Here, I can offer another slightly better cartoon that addresses the conceptual issue:

Imagine the Higgs field as a large collection of closely-spaced stumps jutting out of the surface of a vast body of water. Water waves (representing the quantum massless particles in this analogy) attempting to traverse the area with stumps will be multiply scattered, causing them to be "slowed down" which looks like these waves corresponding to particles have acquired a mass. Since we have have replaced the massless particles with waves, this cartoon offers a "smoother" picture which makes it easier to discard the notion that any Brownian motion would occur.
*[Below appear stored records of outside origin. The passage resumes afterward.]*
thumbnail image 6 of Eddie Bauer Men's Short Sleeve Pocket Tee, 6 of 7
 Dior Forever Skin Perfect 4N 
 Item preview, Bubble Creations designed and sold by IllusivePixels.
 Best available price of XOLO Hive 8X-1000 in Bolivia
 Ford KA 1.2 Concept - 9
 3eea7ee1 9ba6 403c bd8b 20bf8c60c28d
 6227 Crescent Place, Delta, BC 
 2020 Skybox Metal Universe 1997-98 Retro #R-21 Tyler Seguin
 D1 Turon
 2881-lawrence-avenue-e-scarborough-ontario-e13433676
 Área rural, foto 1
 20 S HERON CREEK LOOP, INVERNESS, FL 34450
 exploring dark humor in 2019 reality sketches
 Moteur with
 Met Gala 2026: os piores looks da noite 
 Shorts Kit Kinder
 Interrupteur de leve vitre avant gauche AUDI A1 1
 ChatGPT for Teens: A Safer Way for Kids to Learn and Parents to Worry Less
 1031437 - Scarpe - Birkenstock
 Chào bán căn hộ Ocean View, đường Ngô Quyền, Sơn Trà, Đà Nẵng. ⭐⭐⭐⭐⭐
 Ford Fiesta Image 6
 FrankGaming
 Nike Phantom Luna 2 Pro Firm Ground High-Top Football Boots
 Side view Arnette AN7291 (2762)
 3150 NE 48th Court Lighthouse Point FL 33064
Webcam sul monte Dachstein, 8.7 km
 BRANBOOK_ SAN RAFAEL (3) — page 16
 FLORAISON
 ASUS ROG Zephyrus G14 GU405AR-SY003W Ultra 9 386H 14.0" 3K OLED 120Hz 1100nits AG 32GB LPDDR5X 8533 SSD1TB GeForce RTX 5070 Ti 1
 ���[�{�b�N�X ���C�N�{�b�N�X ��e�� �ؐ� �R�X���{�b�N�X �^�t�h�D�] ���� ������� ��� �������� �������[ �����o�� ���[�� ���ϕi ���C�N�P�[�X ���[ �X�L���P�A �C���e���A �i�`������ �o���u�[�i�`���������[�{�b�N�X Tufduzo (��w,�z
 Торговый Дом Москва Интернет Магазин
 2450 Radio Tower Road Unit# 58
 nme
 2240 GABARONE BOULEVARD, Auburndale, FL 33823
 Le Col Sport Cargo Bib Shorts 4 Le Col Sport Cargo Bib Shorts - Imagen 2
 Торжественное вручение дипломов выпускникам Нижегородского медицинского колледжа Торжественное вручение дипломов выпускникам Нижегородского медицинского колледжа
Please keep in mind that this is just another cartoon: every analogy that highlights a particular feature (in this case, the lack of any Brownian motion in the Higgs mechanism) always falls short in something else (the loss of wave packet localization due to the numerous haphazard scatterings, and the apparent loss of momentum conservation as the waves are scattered).

In reality, the waves undergo only forward-coherent scattering with the Higgs field. The "coherent" aspect of scattering holds the wave packet together. The "forward" scattering aspect means that the wave number (i.e. the momentum) remains unchanged. It works just like how glass changes the dispersion relation of light waves due to forward coherent scattering with the glass molecules.

None of this is particularly tied to the fact that it's a left/right chirality flipping interaction.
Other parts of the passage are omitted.